• _WHAT TO PRODUCE_:
Skip the pictures and copy all the data that follows exactly.
SUPPLIED MATERIAL: Begin
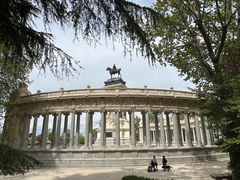 -阿方索十二世纪念碑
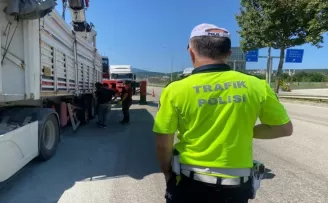 Düzce’de seyir halindeki tırda çıkan itfaiye söndürüldü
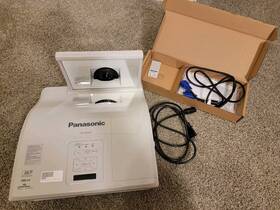 Panasonic Pt-cw330 Tested Dlp Wxga Short Throw Projector 3100-lumens 3d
SUPPLIED MATERIAL: End
• _EXERCISE SOLUTION_:
 -阿方索十二世纪念碑
 Düzce’de seyir halindeki tırda çıkan itfaiye söndürüldü
 Panasonic Pt-cw330 Tested Dlp Wxga Short Throw Projector 3100-lumens 3d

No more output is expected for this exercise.